__What to do__
Where the records below have a line with "Photo", that line is to be copied.

================================

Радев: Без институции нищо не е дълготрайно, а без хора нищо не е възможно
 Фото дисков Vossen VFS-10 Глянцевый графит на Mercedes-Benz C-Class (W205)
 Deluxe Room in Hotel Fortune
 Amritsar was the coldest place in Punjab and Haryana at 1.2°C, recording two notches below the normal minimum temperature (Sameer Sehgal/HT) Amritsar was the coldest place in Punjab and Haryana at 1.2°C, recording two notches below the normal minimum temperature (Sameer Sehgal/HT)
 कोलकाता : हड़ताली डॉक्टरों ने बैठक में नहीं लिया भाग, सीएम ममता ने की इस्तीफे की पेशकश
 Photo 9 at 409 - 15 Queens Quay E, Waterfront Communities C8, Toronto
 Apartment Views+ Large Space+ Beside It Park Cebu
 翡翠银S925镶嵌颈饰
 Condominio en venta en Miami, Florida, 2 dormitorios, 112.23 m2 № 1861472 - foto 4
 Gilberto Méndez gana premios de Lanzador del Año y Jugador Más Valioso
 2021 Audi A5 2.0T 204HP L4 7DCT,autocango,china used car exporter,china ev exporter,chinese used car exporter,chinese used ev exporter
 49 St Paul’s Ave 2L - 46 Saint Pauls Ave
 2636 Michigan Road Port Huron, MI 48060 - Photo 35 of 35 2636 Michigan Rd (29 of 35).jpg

================================

__Output for this task__
 Photo 9 at 409 - 15 Queens Quay E, Waterfront Communities C8, Toronto
 2636 Michigan Road Port Huron, MI 48060 - Photo 35 of 35 2636 Michigan Rd (29 of 35).jpg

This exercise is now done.